## EXERCISE DIRECTIONS
Everything from the line containing "Obraz premium Lavender" to the last line of the listing below should be restated exactly, both ends included, with nothing added and the pictures omitted.

## INPUT DATA
..............................

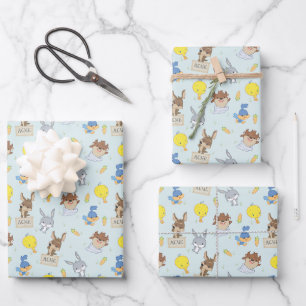 LOONEY TUNES™ Babyduschmuster Geschenkpapier Set
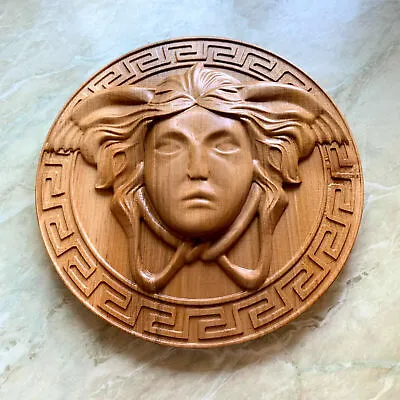 9  Medusa Gorgona Head 3d Carved Wood Greek Gorgon's Head Wall Decoration Plaque • $48.90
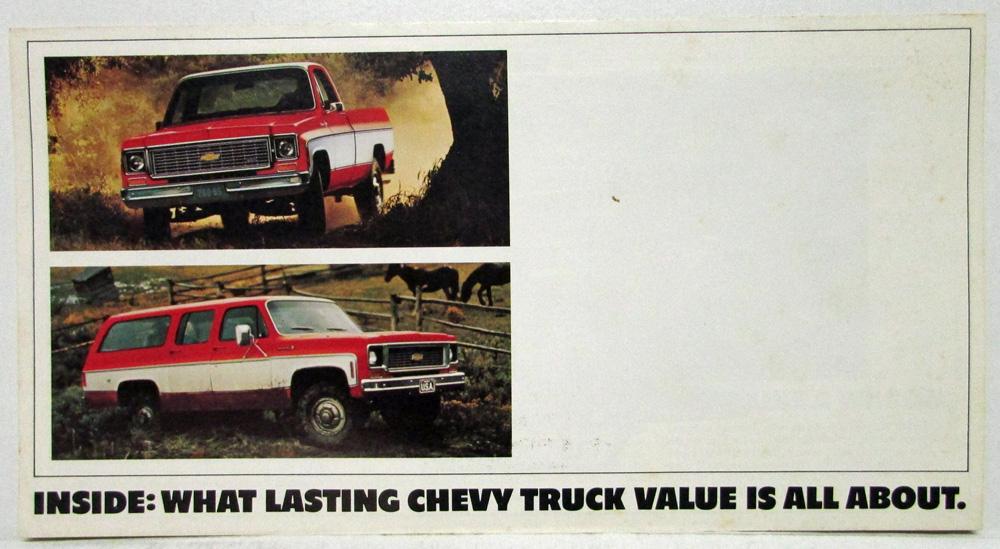 1974 Chevrolet What Lasting Chevy Truck Value is All About Sales Mailer Folder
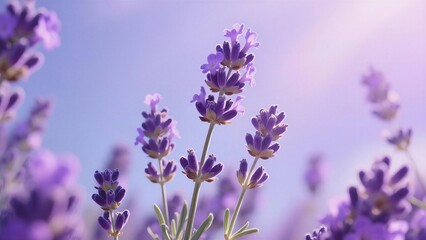 Obraz premium Lavender field under the soft glow of sunlight, expressing tranquility and serenity, used for relaxation or meditation.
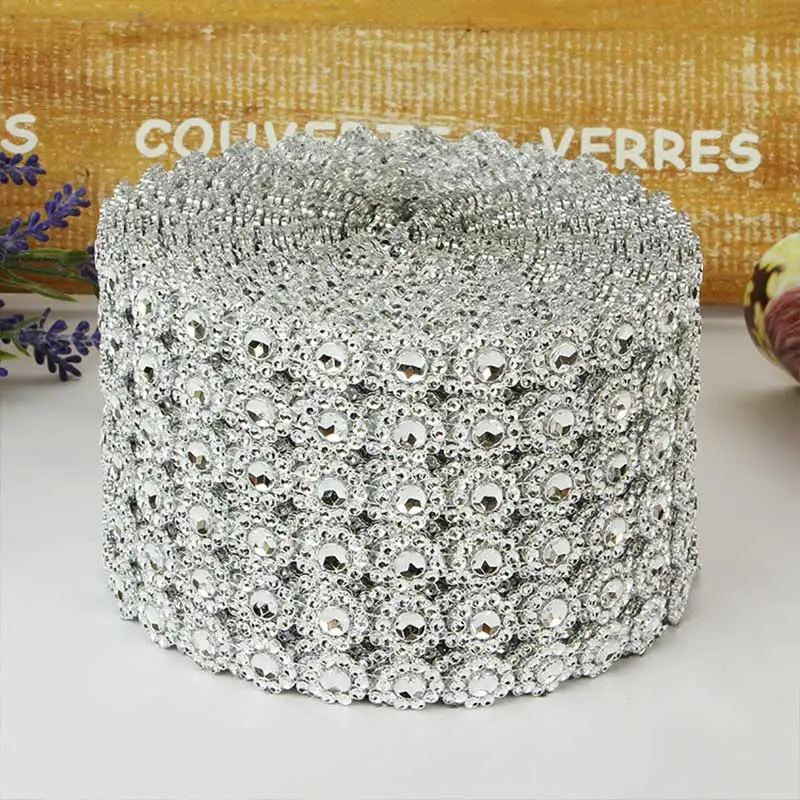 

Wrap Roll Wedding Favors Accessories Table Party Decoration Diamond Mesh Ribbon Handmade Plastic Sunflower Diamond Mesh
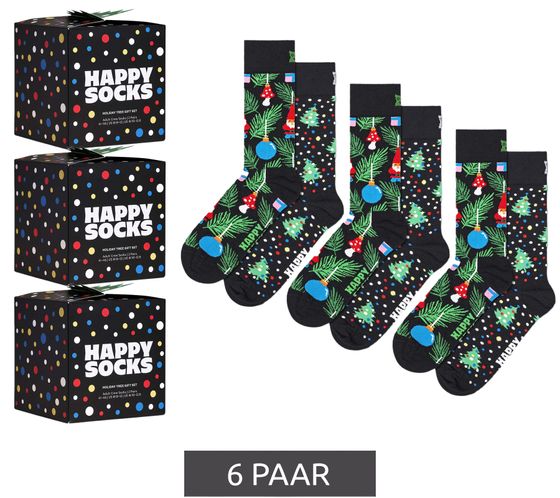 6 Paar Happy Socks Baumwoll-Socken Sparpack im weihnachtlichen-Design Alltags-Strümpfe in Geschenk-Box Sparpack für Damen oder Kinder P001737 Schwarz/Grün/Rot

..............................

## YOUR RESPONSE
 Obraz premium Lavender field under the soft glow of sunlight, expressing tranquility and serenity, used for relaxation or meditation.

Wrap Roll Wedding Favors Accessories Table Party Decoration Diamond Mesh Ribbon Handmade Plastic Sunflower Diamond Mesh
 6 Paar Happy Socks Baumwoll-Socken Sparpack im weihnachtlichen-Design Alltags-Strümpfe in Geschenk-Box Sparpack für Damen oder Kinder P001737 Schwarz/Grün/Rot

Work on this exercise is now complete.